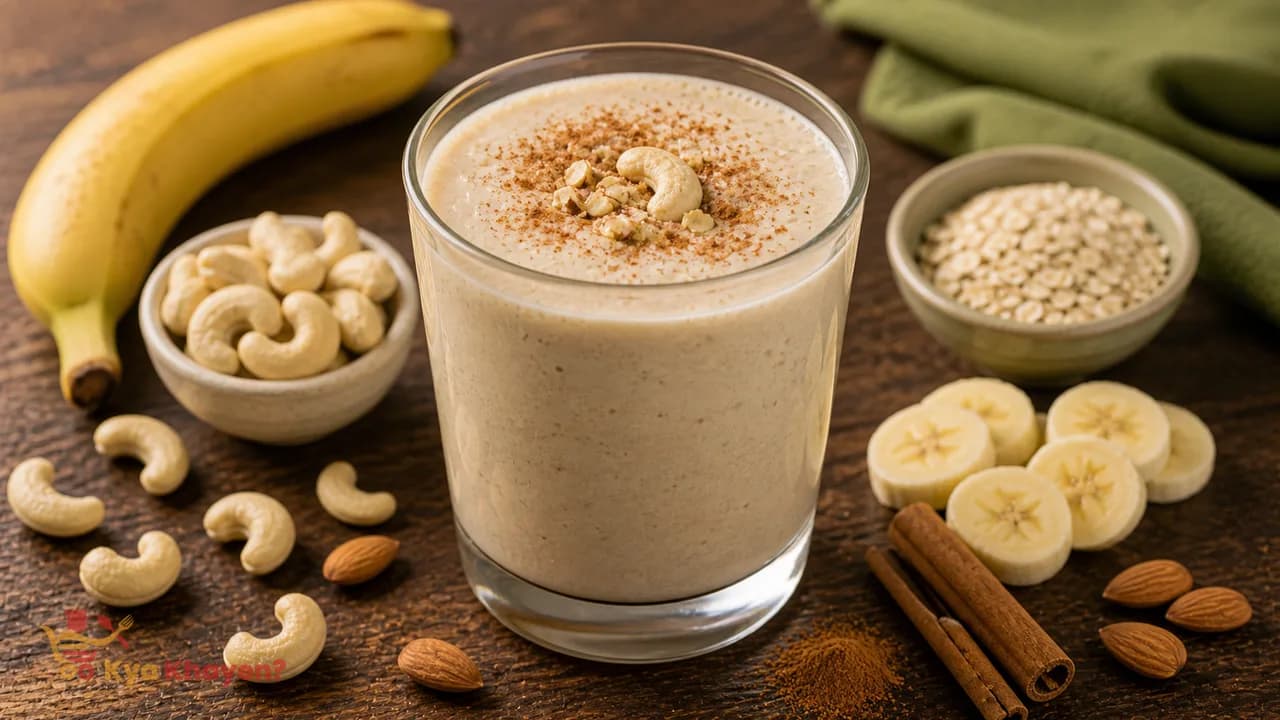 Cashew Cinnamon Smoothie
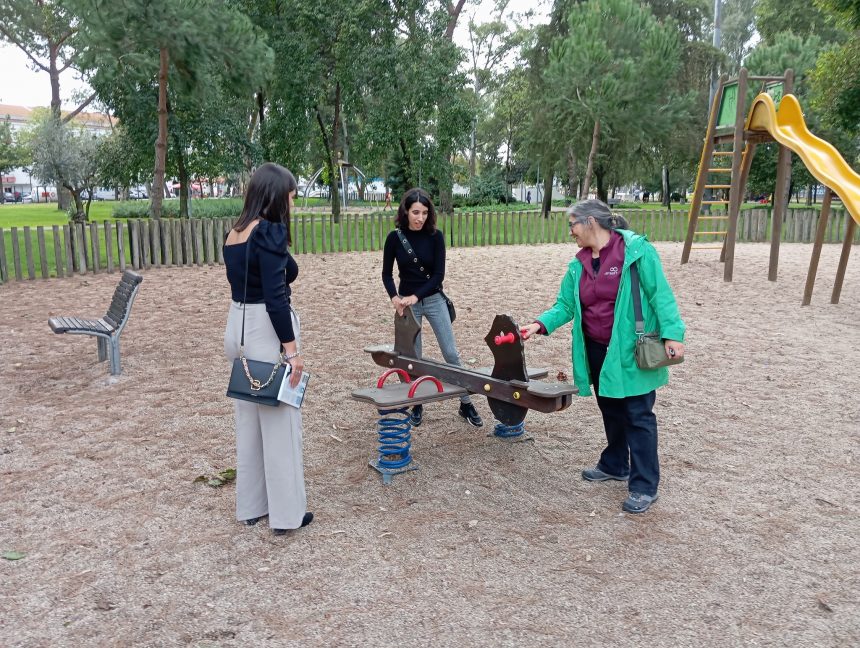 CDU de Almeirim alerta para a falta de manutenção dos parques infantis e espaços verdes de Almeirim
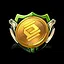 Spend money like dirt icon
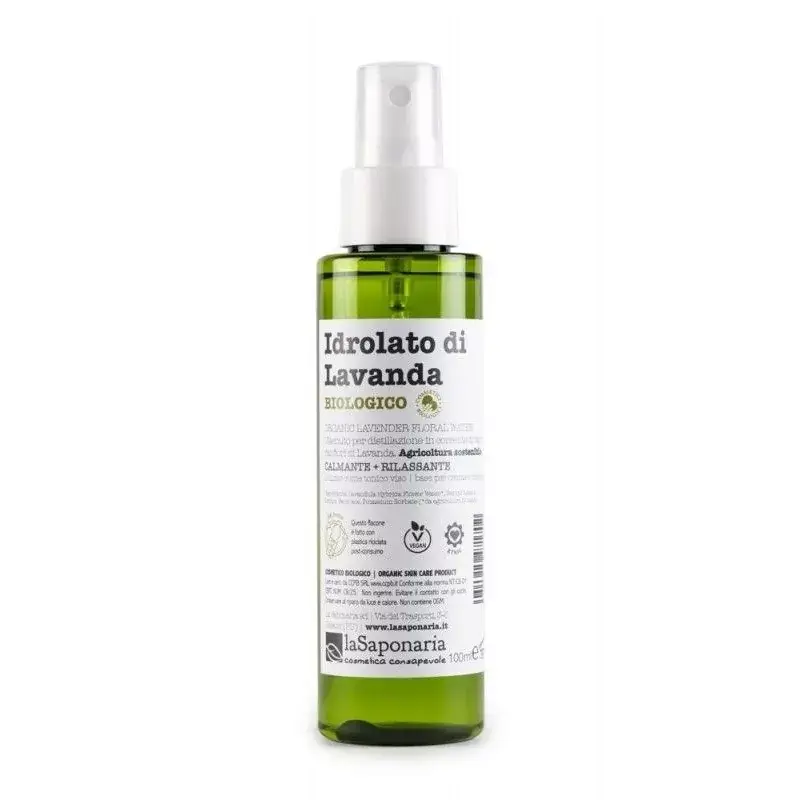LA SAPONARIA Levandulová květová voda BIO 100 ml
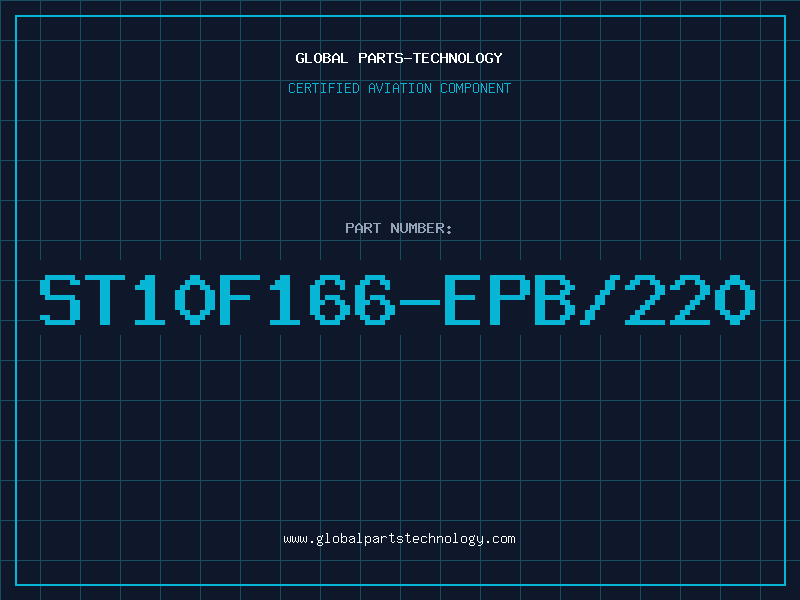 Aviation Part ST10F166-EPB/220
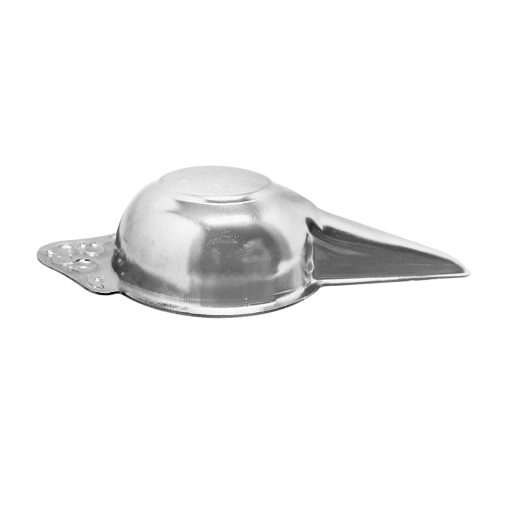 Stainless Steel Sanku Paladai Bondla Uggu Ginne for Newborns (7x4 cm Pack of 1)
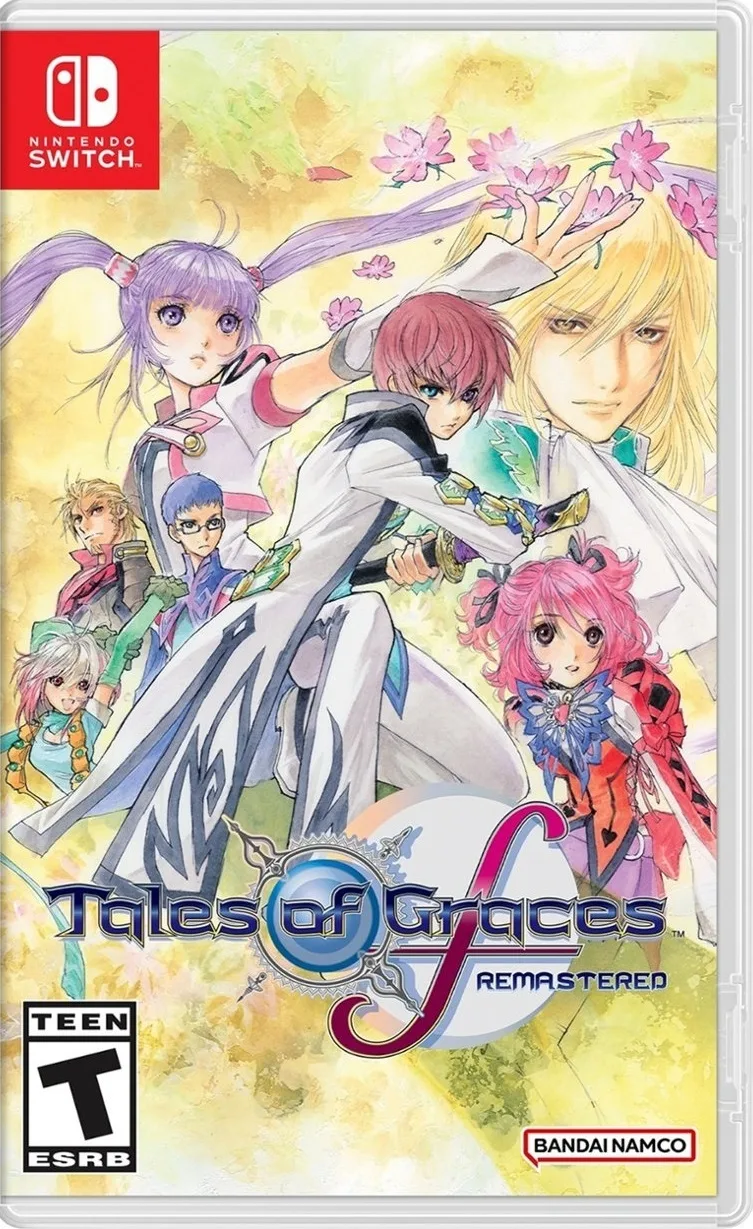 Tales of Graces F Remastered (NSW)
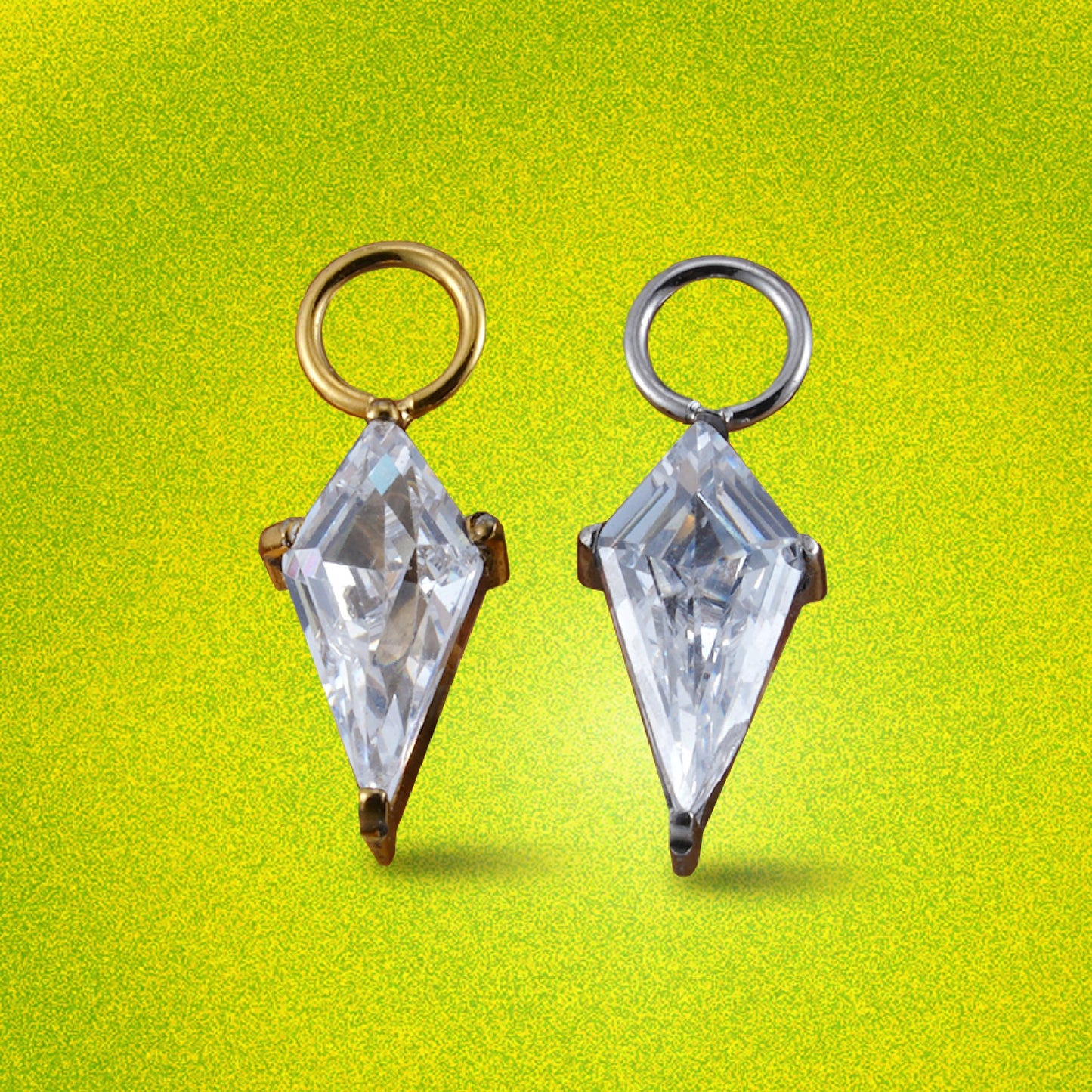 CZ Kite Charm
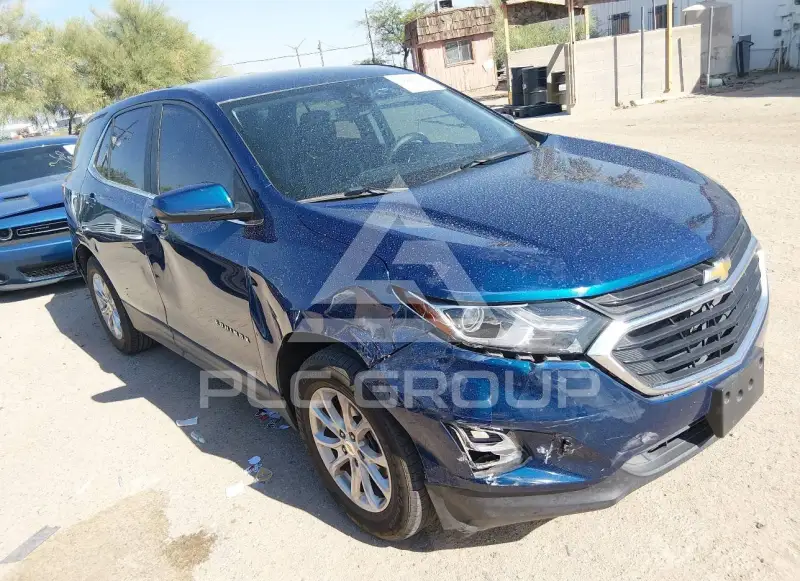 2021 Chevrolet Equinox фото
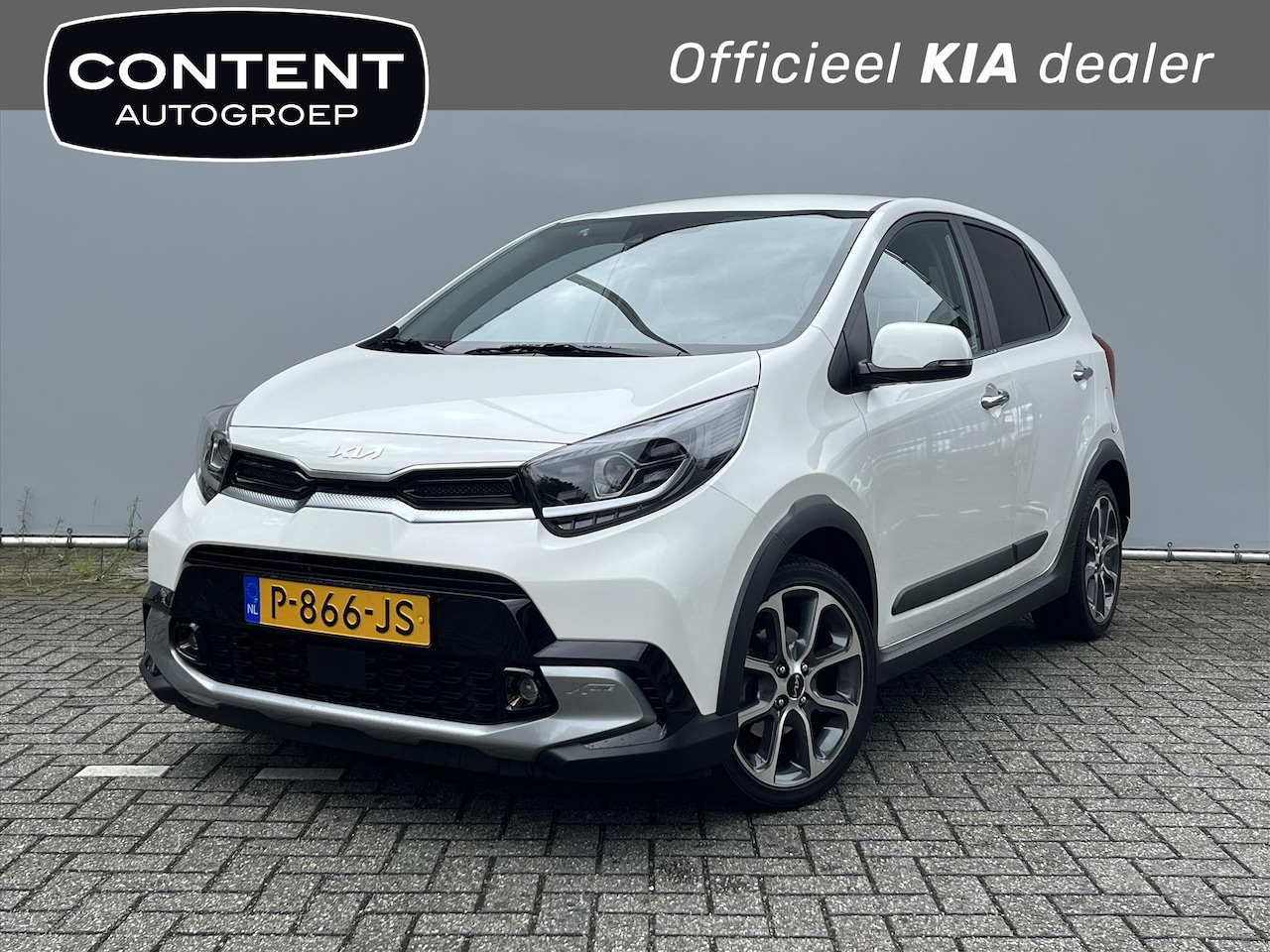 Kia Picanto - 1.0 T-GDi 100pk 5-zits X-Line - AutoWereld.nl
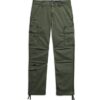Pantalones cargo rectos de talle bajo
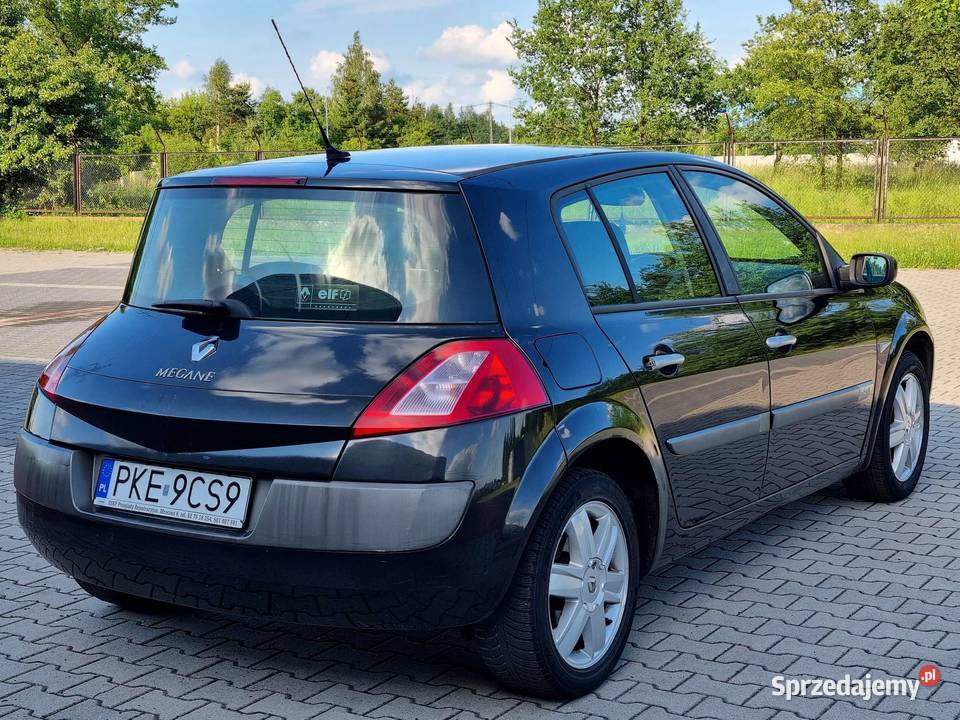 Renault Megane 2 16 16V CLIMATRONIC Niski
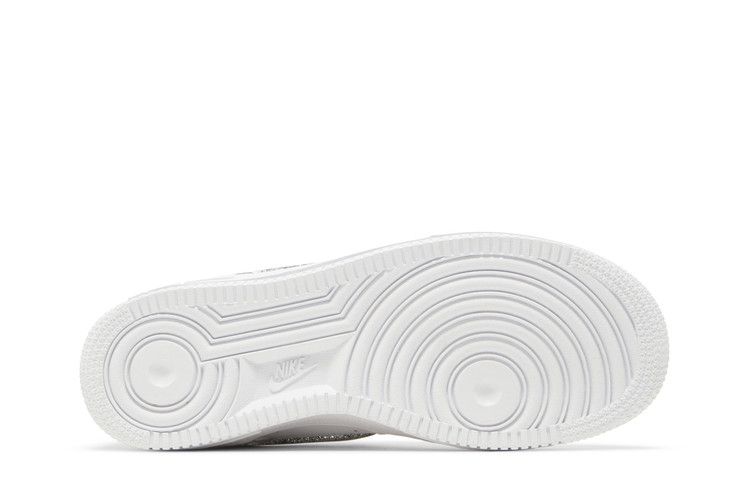 Nike Air Force 1 Low LV8 White Metallic Silver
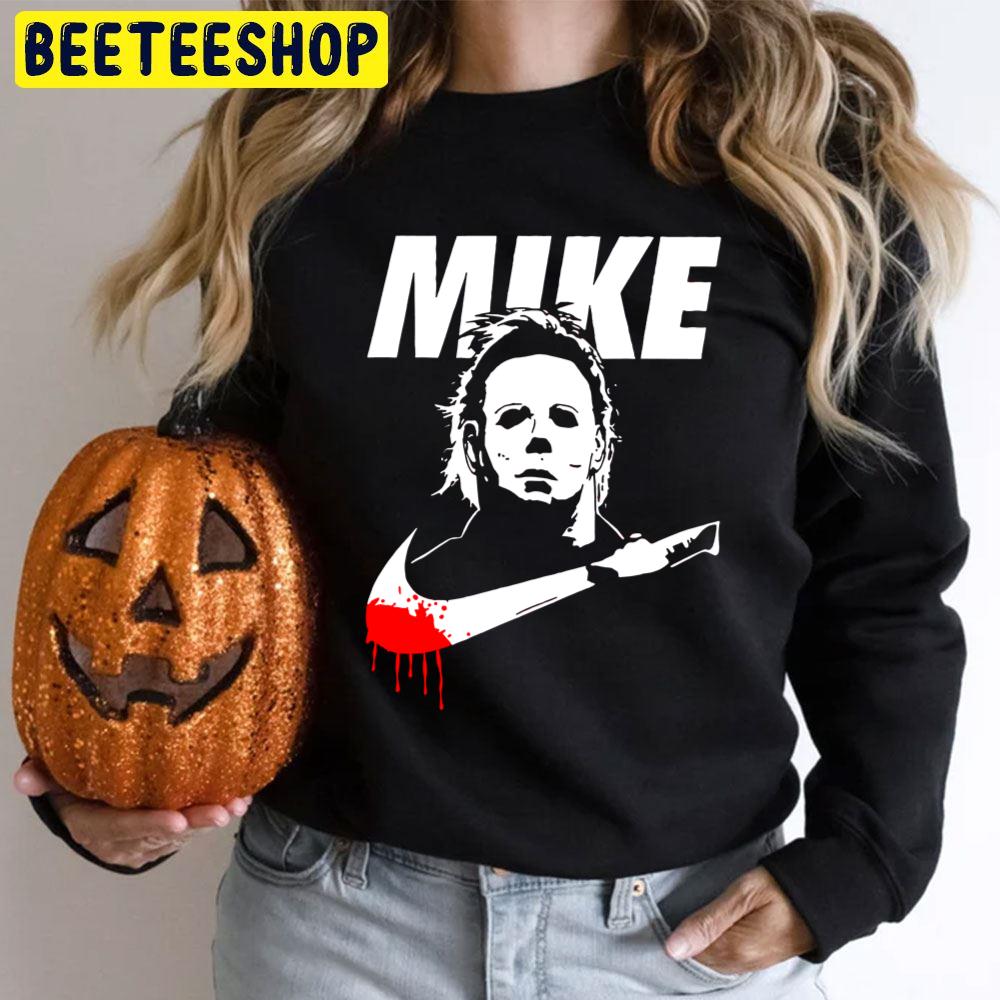 Mike Michael Myers Nike Halloween Trending Unisex T-Shirt Mike Michael Myers Nike Halloween Trending Unisex T-Shirt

———

--- TO DO ---
Print the lines from the beginning of the records up to and including the line containing "Aviation Part ST10F166-EPB/220", word for word, with no pictures.

--- SOLUTION FOR THIS EXERCISE ---
 Cashew Cinnamon Smoothie
 CDU de Almeirim alerta para a falta de manutenção dos parques infantis e espaços verdes de Almeirim
 Spend money like dirt icon
LA SAPONARIA Levandulová květová voda BIO 100 ml
 Aviation Part ST10F166-EPB/220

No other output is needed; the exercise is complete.